Several studies have dealt with the abundance and diversity of cavity-nesting bees and wasps in temperate agricultural (e.g., Gathmann et al., 1994, Kruess and Tscharntke, 2002, Sheffield et al., 2008, Steffan-Dewenter and Schiele, 2008) or tropical agroforestry habitats (e.g. Klein et al., 2006, Tylianakis et al., 2006a, Tylianakis et al., 2006b). In contrast, data on cavity-nesting hymenopteran communities in temperate forest habitats are lacking (but see Taki et al., 2008a). This is remarkable, especially since the proximity to forest habitats has recently been shown to increase local abundance and diversity of cavity-nesting wasps (Holzschuh et al., 2009) and also bee pollinators (Taki et al., 2007) in agricultural habitats. Forests are hypothesised to provide resources such as deadwood nesting sites, which are otherwise not present in primarily cleared or simple landscapes. Hence, forest habitats are believed to house source populations of hymenopteran predators, which might spill over into adjacent agricultural habitats, eventually enhancing biocontrol (Tscharntke et al., 2005, Holzschuh et al., 2009).

Taki et al., 2008a, Taki et al., 2008b provide valuable information on community structure in the forest understory, but it remains ambiguous how cavity-nesting bees, wasps and their natural enemies are spatially distributed across forest types and strata. Until now, virtually nothing has been known about how the temperate forest canopy contributes to hymenopteran diversity.

Here, we present the first data on cavity-nesting hymenopterans and their natural enemies in the canopy and understory of a temperate forest habitat. The study was conducted in the Hainich National Park, Germany's largest coherent deciduous forest. We utilised a semi-natural, mature forest neighbourhood to a priori establish a tree diversity gradient ranging from simple beech to mixed forest stands comprising various deciduous tree species. This allowed us to analyse differences in stratification, and to directly relate our results to tree diversity of the sampled forest stands. Increased plant diversity has been linked to increases in species richness of various arthropod orders (Siemann et al., 1998) including cavity-nesting bees and wasps (Tscharntke et al., 1998), and might also influence trophic interactions such as parasitism. We hypothesise that abundance, species richness and parasitism rates of cavity-nesting bee and wasp communities increase with increased tree diversity due to enhanced resource availability (e.g. nesting resources, accessory food for parasitoids), and differ between forest layers (canopy vs. understory) due to microhabitat stratification.
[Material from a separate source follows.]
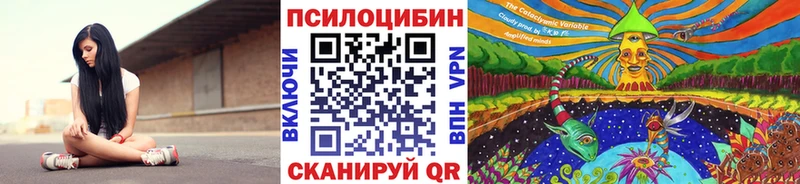 Псилоцибиновые грибы Magic Shrooms  Рассказово 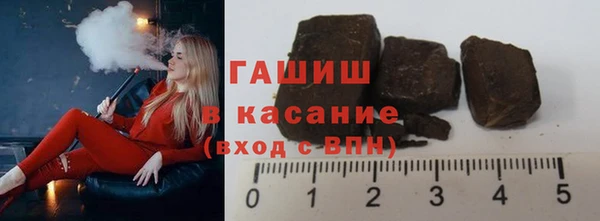 стаф Инта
Specifically, we address the following questions: (1) how abundant and species-rich are bee and wasp communities (hereafter referred to as hosts) and their associated parasitoids, and how are they distributed across the tree diversity gradient? (2) How are hosts and parasitoids spatially distributed across forest strata? (3) Are parasitism rates related to the tree diversity gradient? (4) Do parasitism rates differ between forest strata?